From the entries below, please output exactly the lines starting at the one containing "3-u⛽Y(ji)(gu)ʽ_871231-45-7Y(ji)(gu)ʽ" and ending at the one containing "Sankashti Chaturthi Katha Album Art", both included.

══ EXERCISE MATERIAL ══

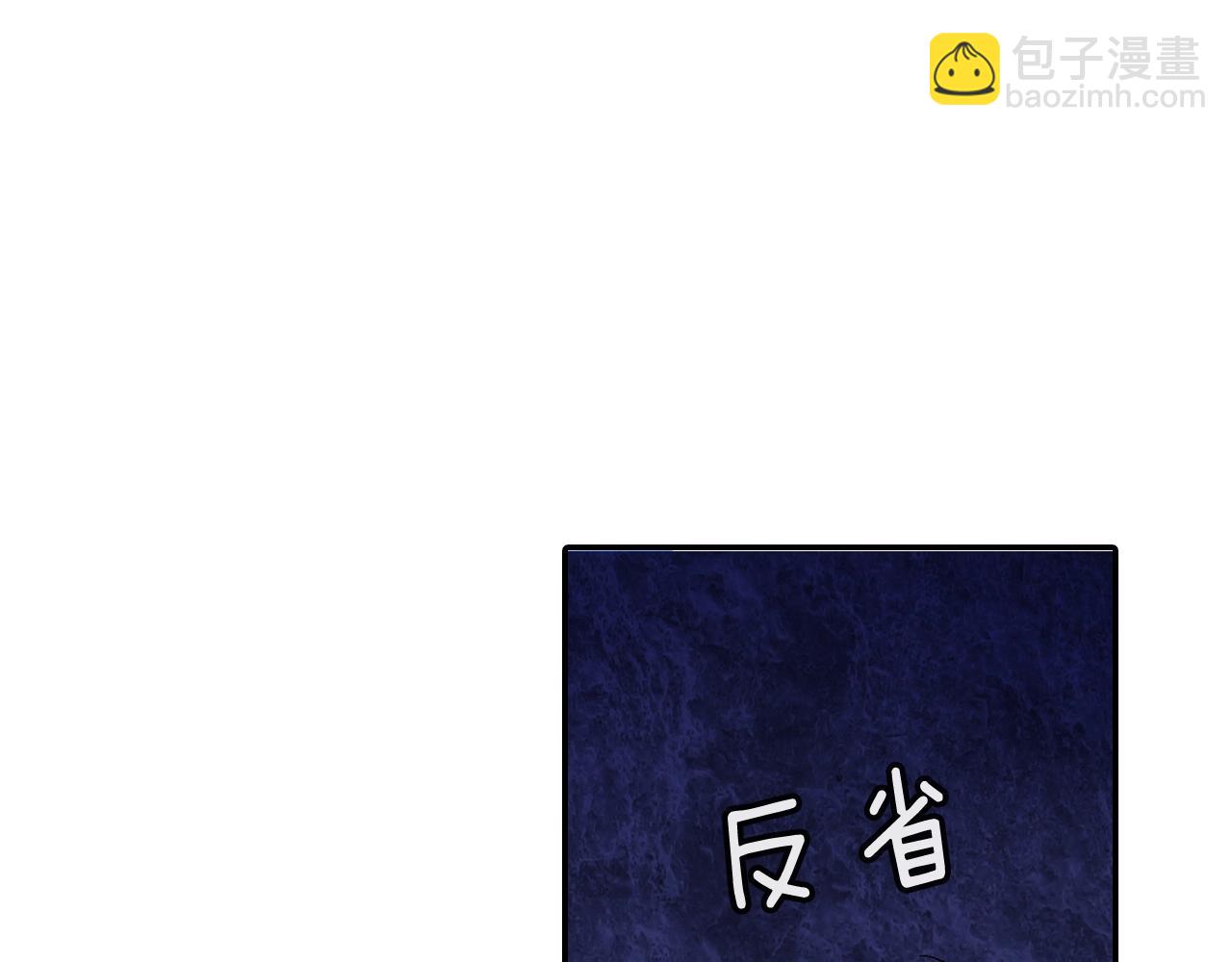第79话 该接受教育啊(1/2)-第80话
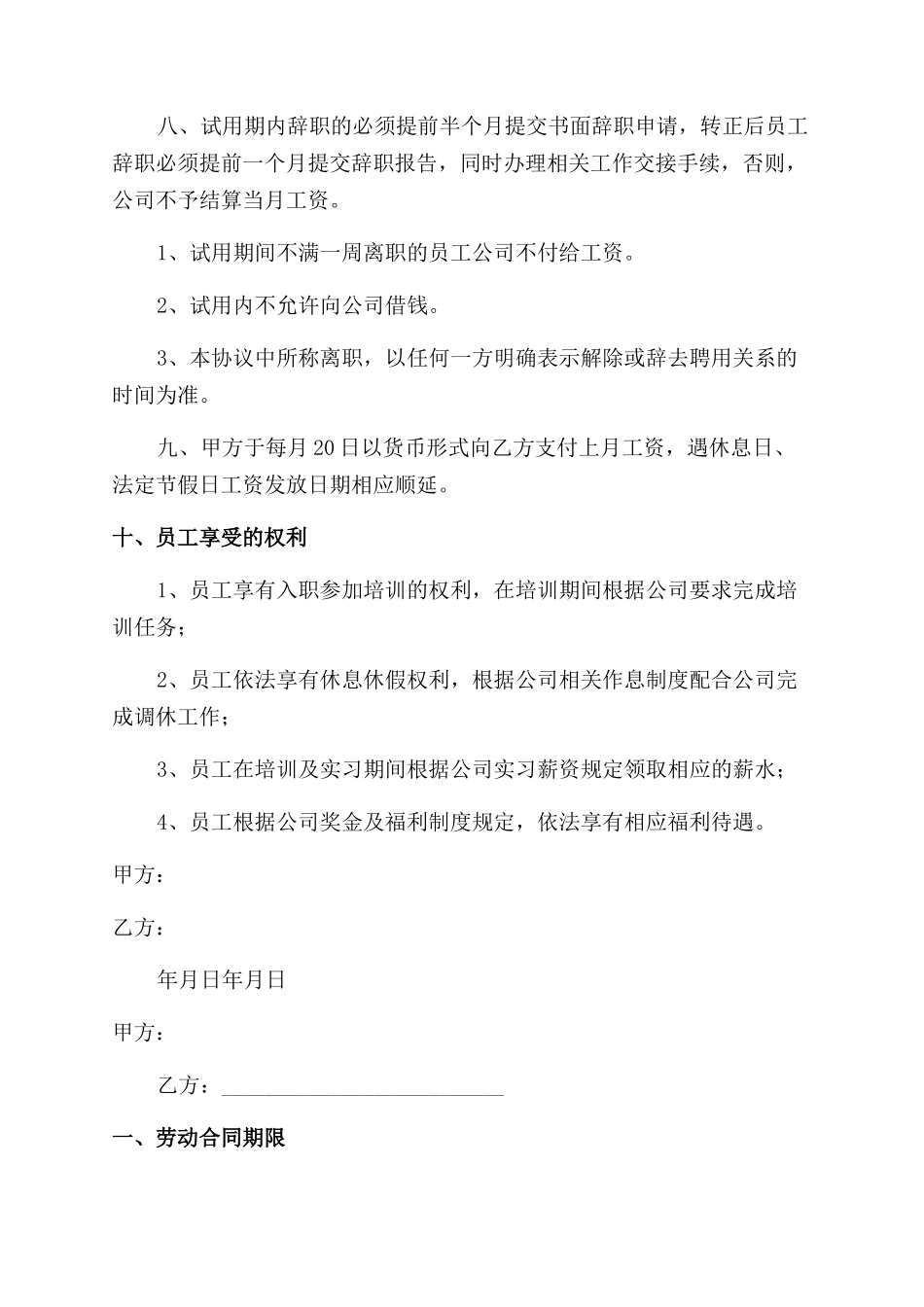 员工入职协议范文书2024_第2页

═══
══ EXERCISE MATERIAL ══

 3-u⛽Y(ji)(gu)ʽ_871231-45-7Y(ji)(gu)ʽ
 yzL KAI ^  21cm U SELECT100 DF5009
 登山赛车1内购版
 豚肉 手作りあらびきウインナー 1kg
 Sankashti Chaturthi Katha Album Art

═══

SOLVED EXERCISE:
 3-u⛽Y(ji)(gu)ʽ_871231-45-7Y(ji)(gu)ʽ
 yzL KAI ^  21cm U SELECT100 DF5009
 登山赛车1内购版
 豚肉 手作りあらびきウインナー 1kg
 Sankashti Chaturthi Katha Album Art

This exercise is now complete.